Student petition recommends US-centric diversity curriculum requirement

Olivia Exstrum, Campus Editor

Students have circulated a petition throughout the past week urging Weinberg College of Arts and Sciences faculty to support a Social Inequalities and Diversity curriculum requirement focused on the United States.

The petition launched after students heard that some professors would support a more internationally-focused requirement.

“We want students to critically engage with social inequalities that happen in their own backyard,” said SESP senior Austin Romero, ASG vice president of accessibility and inclusion. 

The petition, which Romero launched Feb. 9, is co-sponsored by Associated Student Government and multiple student groups. As of Monday evening, Romero said it had 281 signatures. He plans to present the petition at a forum for student input on the requirement Feb. 23.

The requirement has been the topic of discussion among Northwestern faculty for two years.

The original proposal, rolled out in February 2013 by the University Diversity Council, called for all six undergraduate schools to adopt the Social Inequalities and Diversities curriculum requirement. If approved, the requirement would be the first University-wide undergraduate academic requirement.

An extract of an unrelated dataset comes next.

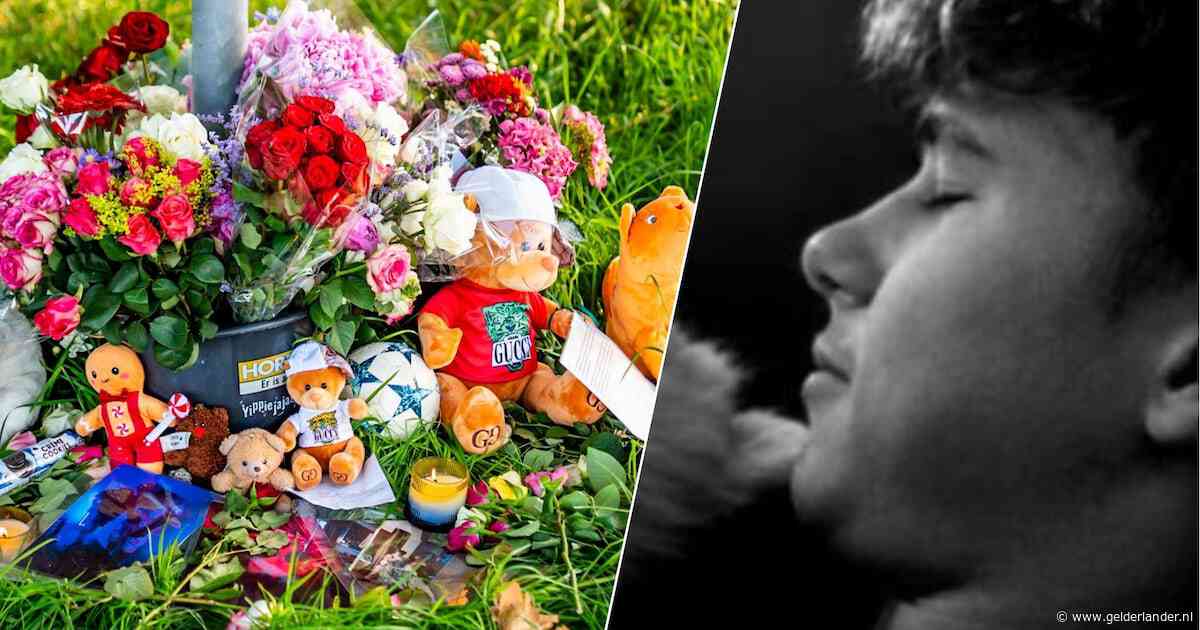 Bloemen, knuffels en een erehaag voor Sam (13): ‘Jullie aanwezigheid zal een groot gebaar zijn’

The School of Education and Social Policy and the Medill School of Journalism, Media, Integrated Marketing Communications have already implemented the requirement in their curricula.

The requirement was first proposed amid student activism responding to racially-charged incidents on campus.

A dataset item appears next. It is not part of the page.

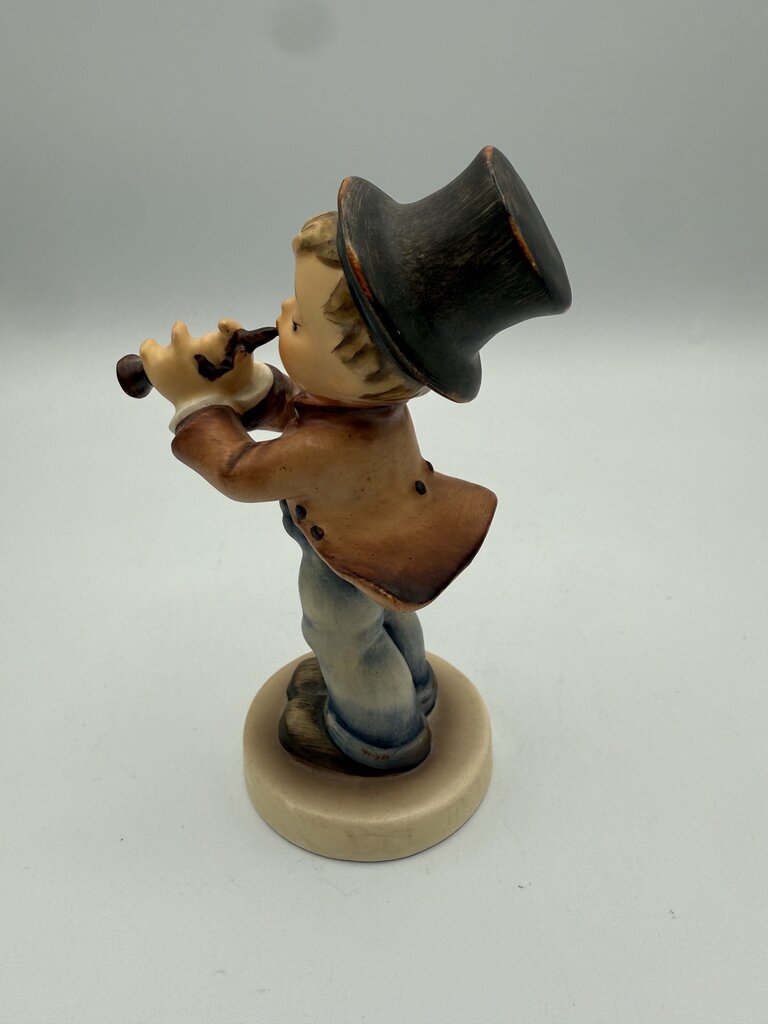 VTG Hummel Figurines “Let’s Sing” & “Serenade” V stamp /roh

The original proposal supported requiring students to take a course that would fit several learning goals, including the ability to “think critically about issues in political, social, scientific, economic and cultural life stemming from the diversity of experiences related to social inequalities and diversities.” The requirement, which the proposal suggested would be completed in a student’s first two years at NU, would also include an extracurricular component involving Sustained Dialogue discussion sessions.

The requirement’s goal is for students to interact and work with students of different life experiences and cultural backgrounds, Dona Cordero, former assistant provost for diversity and inclusion and head of the diversity requirement effort, told The Daily in February 2014.

In its proposal, the Academics/Education working group of the University Diversity Council said the focus of the requirement would be on the United States, “although it does not exclude global perspectives.”

Mary Finn, Weinberg associate dean for undergraduate academic affairs, told The Daily last week that 45 Weinberg faculty members attended a forum earlier this month to discuss the requirement.

She said there was a “very interesting” conversation about the focus of the requirement. She said although the requirement may not have a U.S. focus, she expects courses will have students self-reflect on their relation to the material.

Romero said he and Weinberg senior Anna Rennich, ASG vice president of academics, met with Finn on Friday to discuss the “impact of the petition.”

“I explained to her that it was really to show faculty of Weinberg that this is really something that students are passionate about and believe in,” he said.

Romero said he heard that at the forum, faculty were in favor of an internationally-focused requirement. He said if the requirement is not United States-centric, it will lose its original focus.

Weinberg senior Xiaowen Chen, one of the two undergraduates on Weinberg’s Curricular Policies Committee, said there was a concern that the petition did not include input from international students who may have a different perspective.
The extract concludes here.